Several things are interesting about this passage. For starters, it’s a little surprising that the Fourth of July beat out Easter for second place in Adams’ rating of “venerated” holidays. One might have thought American Christians would find Jesus’ resurrection a bit more “venerable” than the fact that we violently emancipated ourselves from British rule. In fact, while I fully appreciate that many Americans are grateful to no longer be subject to the throne of England, I’m puzzled about how the Fourth of July could appear anywhere on a Christian’s list of “venerated” holidays. How can a holiday that celebrates one group of mostly professing Christians violently overthrowing another group of mostly professing Christians be venerated by people who are called to love their enemies and to be peacemakers, even if they happen to find themselves on the side that won?
But the most remarkable aspect of Adams’ speech is undoubtedly his depiction of the violent birth of America as the beginning of the fulfillment of Jesus’ mission. Let’s overlook for the moment the systemic and barbaric injustices done to Native Americans and Africans by Europeans as they conquered and developed this land. And let’s agree that the political freedoms to enjoy “life, liberty and the pursuit of happiness” are among the noblest in history. Still, on what basis could Adams or anyone else claim that the birth of this nation has anything to do with the mission of the Savior?
As he made clear to Pilate, Jesus came to establish a kingdom that is “not from this world.” The kingdom Jesus came to establish is not a “new and improved” version of the systems of the world. It’s something altogether different. For example, while all versions of the kingdoms of the world resort to violence against enemies when they deem it necessary, citizens of Jesus’ kingdom are called to imitate him by sacrificing themselves out of love for their enemies.

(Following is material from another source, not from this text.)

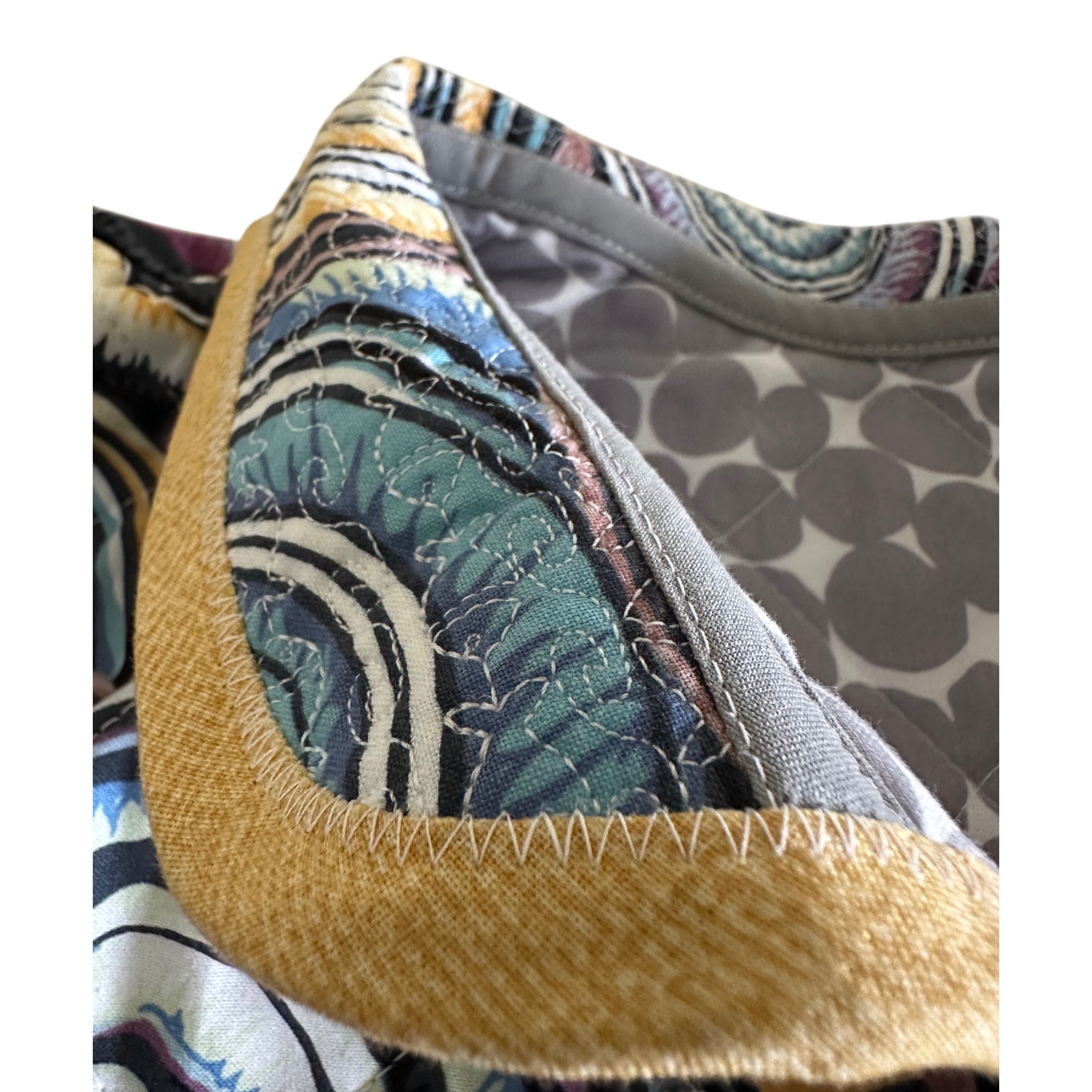 Close up of collar custom stitching on Handmade women's quilted coat in blues, purples gold, relaxed fit Women's Large, Fabric & Soul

As noble as America’s ideals are, followers of Jesus must never buy into Adam’s delusion — repeated throughout history and still widespread today — that political ideals are a formula for the Kingdom of God. For the Kingdom is not about enjoying “life, liberty or the pursuit of happiness.” It’s about looking like Jesus, dying out of love for the very people who crucified him.
Do you agree with Boyd’s perspective? Should Christians think more critically about how we express patriotism?